Modified ucs-school-webproxy.py to try to trigger the reload via the reload-service, otherwise fall back to the old behavior of immediately reloading it by itself.

r72703
r72704

ucs-school-webproxy 12.0.3-3.119.201609201834

Advisory: ucs-school-webproxy.yaml
Comment 7 Florian Best univentionstaff 2016-09-23 17:21:56 CEST
I see this:
2288 runsvdir -P /etc/service log: .........................................................................................runsv univention-reload-service: fatal: unable to start ./run: file does not exist runsv univention-reload-service: fatal: unable to start ./run: file does not exist runsv univention-reload-service: fatal: unable to start ./run: file does not exist .........................................................

The symlink to the unix socket is also dead:
root@xen8:~# ls -l /proc/6992/fd
insgesamt 0
lrwx------ 1 root root 64 Sep 22 21:39 0 -> /dev/null
l-wx------ 1 root root 64 Sep 22 21:39 1 -> /var/log/univention/reload-service.log
l-wx------ 1 root root 64 Sep 22 21:39 2 -> /var/log/univention/reload-service.log
lrwx------ 1 root root 64 Sep 22 21:39 3 -> socket:[271762]

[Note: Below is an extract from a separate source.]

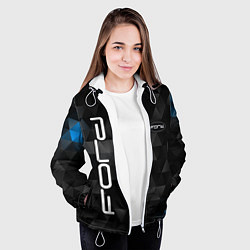 Куртка с капюшоном женская FORD, цвет: 3D-белый — фото 2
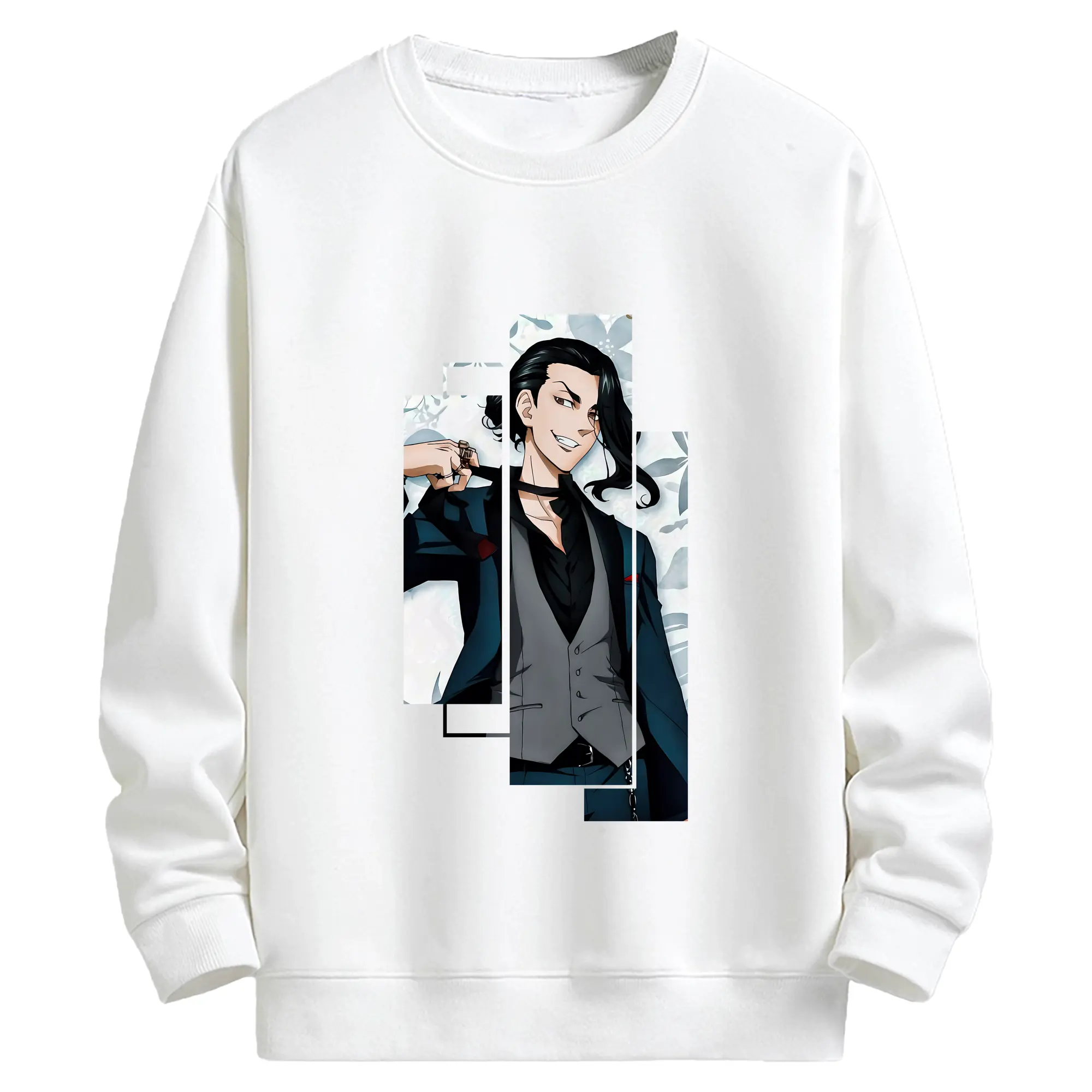 東京リベンジャーズ グッズ,場地圭介 - キッズ クルーネックスウェットシャツ ・ フロントプリント ・ 綿80％ ポリエステル20％ ・ 快適 通学 スポーツ 日常使い お散歩用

but accessing the service works :)

It might also be better to pass close_fds=True to the subprocess.call? This is maybe not relevant for "squid3 reload" but might be for other services if they get added in the future and just copy&paste the code.
Comment 8 Daniel Tröder univentionstaff 2016-09-26 08:27:41 CEST
(In reply to Florian Best from comment #7)
> I see this:
> 2288 runsvdir -P /etc/service log:
> .............................................................................
> ............runsv univention-reload-service: fatal: unable to start ./run:
> file does not exist runsv univention-reload-service: fatal: unable to start
> ./run: file does not exist runsv univention-reload-service: fatal: unable to
> start ./run: file does not exist
> .........................................................
This seems to be from installation time. The service works, and after a restart the message doesn't reappear. I still wonder why that happens...
Comment 9 Daniel Tröder univentionstaff 2016-09-27 17:41:45 CEST
OK: update
OK: fresh install
OK: code
OK: added automatic test 90_ucsschool/121_limit_squid_reloads
OK: advisory
Comment 10 Sönke Schwardt-Krummrich univentionstaff 2016-10-04 13:24:44 CEST
UCS@school 4.1 R2 v5 has been released.

http://docs.software-univention.de/changelog-ucsschool-4.1R2v5-de.html

If this error occurs again, please clone this bug.
Comment 11 Sönke Schwardt-Krummrich univentionstaff 2016-10-13 16:53:19 CEST
Added delay of 17 seconds in 14_http_proxy_basic_auth_check to catch up with delayed squid reload. The test failed on several Jenkins machines.